Nach dem Eurovision Song Contest (ESC) sehen mehrere beteiligte Fernsehsender Klärungsbedarf bei der Stimmabgabe. Es geht um die Punkte für Israel, die im ESC-Finale eine auffällige Diskrepanz zwischen Jury- und Zuschauerabstimmung aufwiesen. Der Ausrichter, die Europäische Rundfunkunion (EBU) in Genf, bestätigt entsprechende Rückmeldungen.
Die EBU verweist auf die Firma Once in Köln, die seit Jahren das Televoting für den ESC koordiniert. Sie habe bestätigt, dass die Abstimmungsergebnisse aus allen Ländern korrekt angegeben worden seien.
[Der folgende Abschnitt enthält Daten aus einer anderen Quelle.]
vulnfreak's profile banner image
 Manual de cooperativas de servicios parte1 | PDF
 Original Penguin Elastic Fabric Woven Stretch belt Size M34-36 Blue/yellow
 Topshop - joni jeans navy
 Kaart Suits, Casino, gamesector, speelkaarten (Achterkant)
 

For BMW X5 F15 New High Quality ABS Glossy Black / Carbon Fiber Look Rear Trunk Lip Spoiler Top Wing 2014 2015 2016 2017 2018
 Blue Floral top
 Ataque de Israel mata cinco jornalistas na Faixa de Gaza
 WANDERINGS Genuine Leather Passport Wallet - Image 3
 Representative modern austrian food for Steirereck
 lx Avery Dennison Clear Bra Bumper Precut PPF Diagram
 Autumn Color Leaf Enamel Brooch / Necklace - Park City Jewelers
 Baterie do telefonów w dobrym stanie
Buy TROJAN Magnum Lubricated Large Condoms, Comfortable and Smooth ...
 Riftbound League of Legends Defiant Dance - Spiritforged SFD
Die Sängerin Yuval Raphael erhielt beim Finale am vergangenen Samstag 60 Punkte von den Fachjurys der 37 teilnehmenden Länder und landete damit im Ranking nur auf Platz 15, hinter Deutschland (Platz 13). In der Gunst des Publikums stand sie aber nach Angaben der EBU mit großem Abstand auf dem ersten Platz. Sie erhielt insgesamt 297 Publikumspunkte, was sie in der Gesamtwertung auf Platz zwei katapultierte.
ESC-Sieger JJ aus Österreich erhielt 258 Punkte von den Jurys und 178 Punkte vom Publikum. Bei Deutschland waren es 74 Publikums- und 77 Jury-Punkte. Das reichte für Platz 15.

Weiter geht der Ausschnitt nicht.